6. The judgment-debtor took an appeal to the learned District Judge, and it was heard by a learned Subordinate Judge. That officer upheld the order of the Court of first instance and dismissed the appeal. The judgment-debtor has come in revision.
7. A preliminary point has been taken on behalf of the respondents that no revision is competent. The learned Counsel has taken his stand on several cases, and the case on which he relies most is the case of Yad Ram v. Sunder Singh A.I.R. 1923 All. 392, a case decided by three learned Judges, one of whom dissented from the opinion of the two others. In this case the judgment-debtor sold his property, after the auction sale, and yet applied for the setting aside of the sale. The Court of first instance held that the judgment-debtor having sold his property was not a person competent to apply for the setting aside of the sale. In arriving at this conclusion, the learned Judge of the Court of first instance followed a decision of this Court, in Ishar Das v. Asaf Ali Khan  34 All. 186. It was held by Banerji, J. that in the view he took of Section 115, Civil P.C., as interpreted by their Lordships of the Privy Council in Balkrishna Udayar v. Vasudeva Ayyar A.I.R. 1917 P.C. 71, the High Court had no jurisdiction to entertain the application in revision. His Lordship was of opinion that the only matter in which the High Court could interfere was a matter in which the question of jurisdiction was involved. He pointed out that even Clause 3, Section 115 must have 'relation to the question of jurisdiction'. It was on this ground that the learned Judge declined to interfere. Piggott, J. gave different reasons for coming to the same conclusion. He thought that it was impossible for him to say that in following a decision of this Court, namely, the case of Ishar Das v. Asaf Ali Khan  34 All. 186, the Court below had acted illegally or with material irregularity. That was in substance the reason why the learned Judge refused to interfere with the order of the Court below, although he noticed that, in respect of the actual decision, the Allahabad High Court stood singularly alone in its view. Walsh, J., dissented and was inclined to follow, on the merits the judgment of Mr. Mullick in the case of Dhanwanti Kuer v. Sheo Shankar Lal  4 Pat. L.J. 340. From the report it does not appear that this learned Judge expressed any detailed opinion on the question of jurisdiction.
8. There can be no doubt that a Full Bench case, although it may be the decision of two learned Judges against the decision of a third, is always entitled to respect from a Division Bench presided over by only two Judges.
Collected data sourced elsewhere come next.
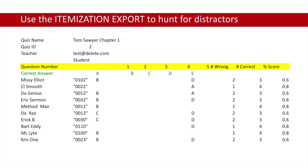Many districts, schools, and teachers need to dig deeper in the data. QuickKey encourages and supports this and makes an itemization export to aid you in doing so. Oftentimes, it's not enough to just see what answers the students answered incorrectly. We need to know why.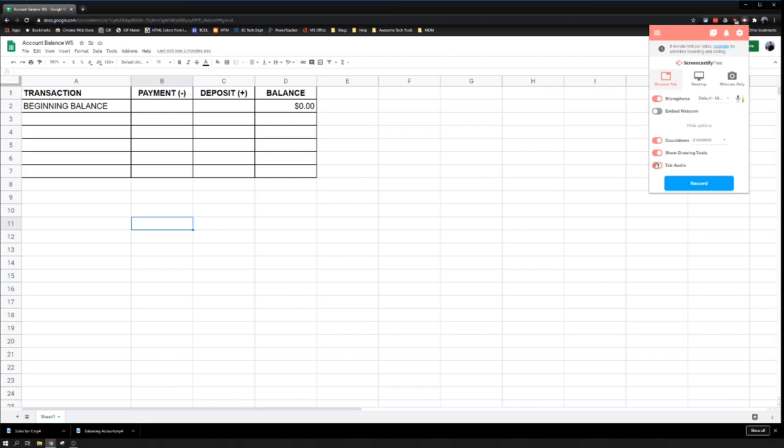That means if I'm showing a video, it's going to record the sound of that video if it's on the tab I'm currently recording. Let's get it set up: microphone on, browser tab is being recorded, three-second countdown, show drawing tools—we're not going to use them yet—and tab audio.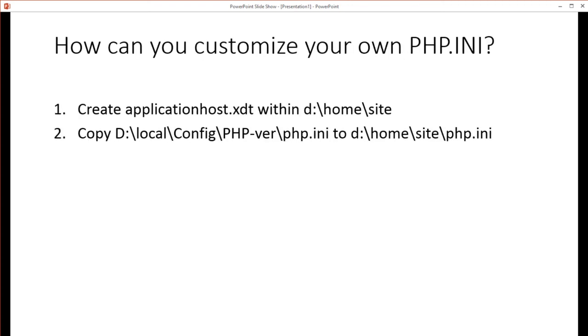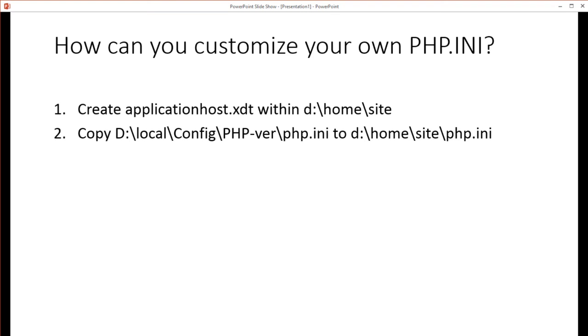So how do you customize your own PHP INI file? The first thing is to create an applicationhost.xdt file, and this is within your d:\home\site directory. In the description of this video, there'll be a link to applicationhost.xdt, so you can just copy that and use it on your site if you're wanting to do this. And the next thing is to copy the existing PHP INI file that your site is using and copy that to d:\home\site\php.ini or whatever you want to name that. All right, let's get started.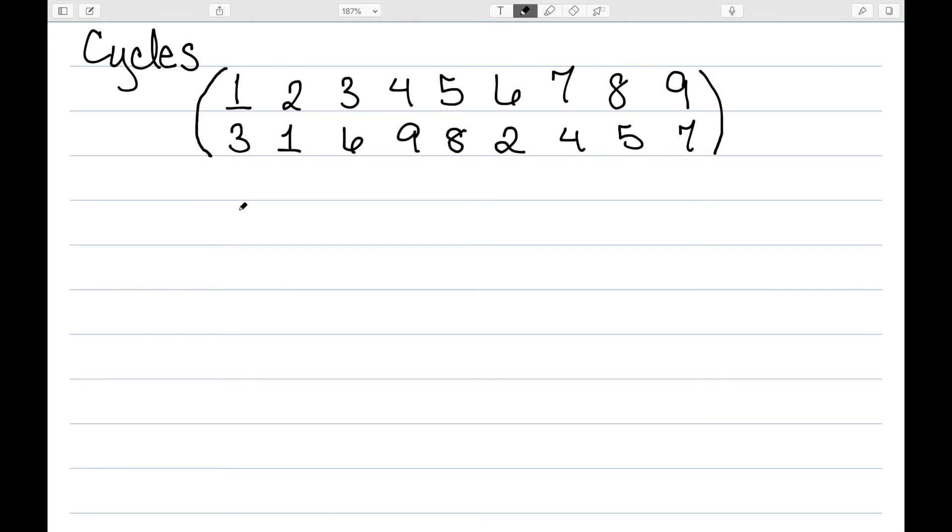In this video, I want to talk about cycles and how to decompose a permutation into simple parts, known as these cycles. Cycles are, in a sense, the most basic kind of permutation. So let's look at an example. Here I have an example of a permutation, and I want to look at how individual elements are being moved around.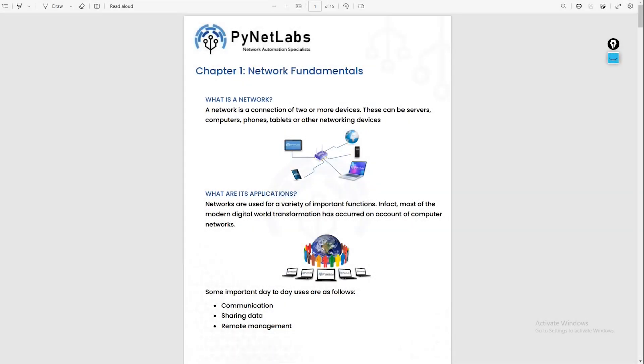We will look at the first question of Final Lapse CCNA course. Here we will see Chapter 1: Network Fundamentals. Let's start with the first question.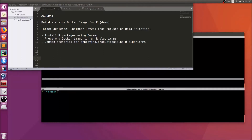In this video we'll take a look at how you can build a Docker image for running R applications and algorithms. The target audience is primarily focused around engineering and DevOps oriented roles and not specifically for a data scientist. We're assuming you're familiar with how to create Docker images and have some familiarity with R. We'll look at how you can install R packages from within Docker.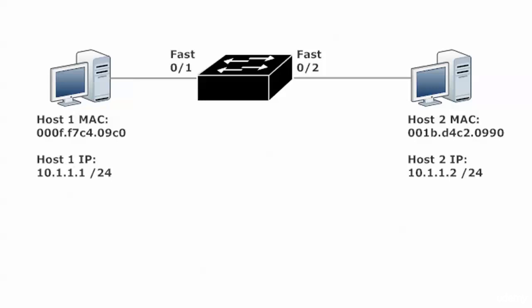We are just about to dive into our first port security lab with that information on the board regarding the IP addresses and the MAC addresses of host 1 and 2. We only want to use port security to authenticate host 1, so we're going to be concentrating our efforts on the switch on fast 0/1.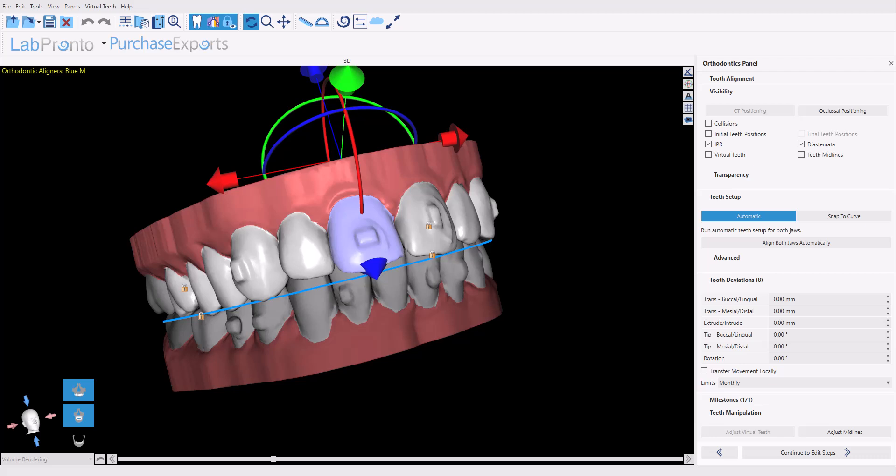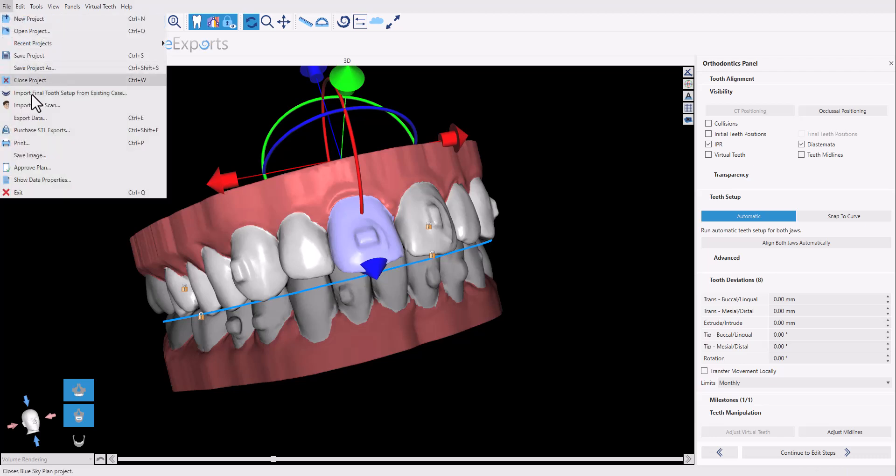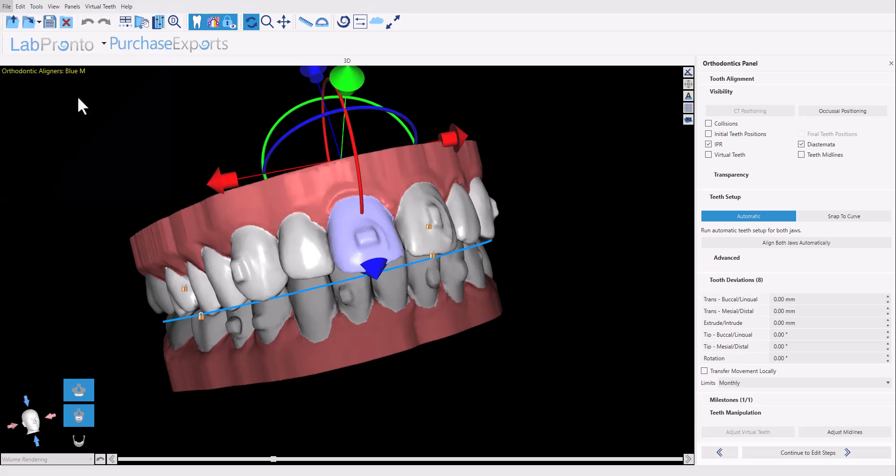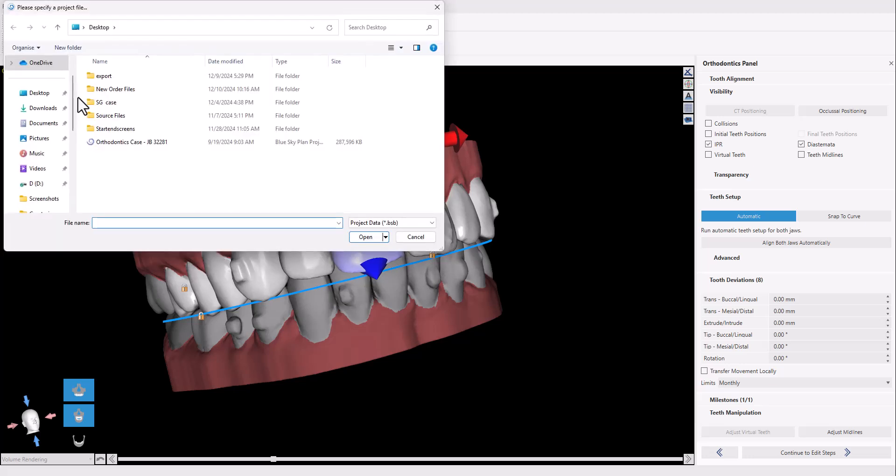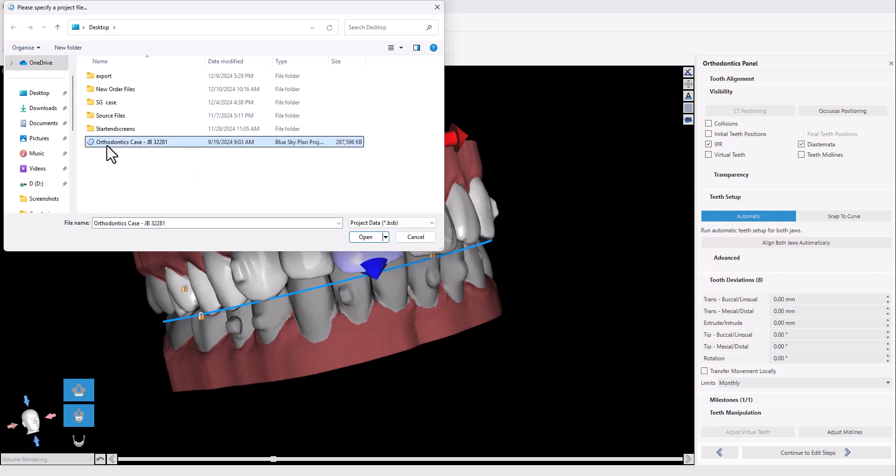So what we're going to do now is we're going to go to file, import final tooth setup from existing case, because that's exactly what we want to be doing. We're identifying the original plan that was already planned for the patient, and we're going to click open.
But what was actually decided in the case of Yad Ram is what we have already described. The net result of the opinion of the two learned concurring Judges was that the revision was thrown out. This case can be easily distinguished from the one before us. The question that had to be decided by the Court of first instance, in Yad Ram's case was a question of pure law, namely, whether a certain person was or was not entitled, on a correct interpretation of a certain rule of law, to apply for the setting aside of the sale. We are prepared to concede, and indeed we must concede, that a revisional Court is not a Court of appeal and it is not every erroneous decision on a point of law or fact that can be corrected by the High Court in its revisional jurisdiction. In the case before us, it is not a mere matter of interpretation of law. The Court below has required, where the law itself does not require, that it should have before it an application in writing in which certain persons, namely, the auction-purchasers, should be shown as opposite parties, as the defendants are described, in a plaint.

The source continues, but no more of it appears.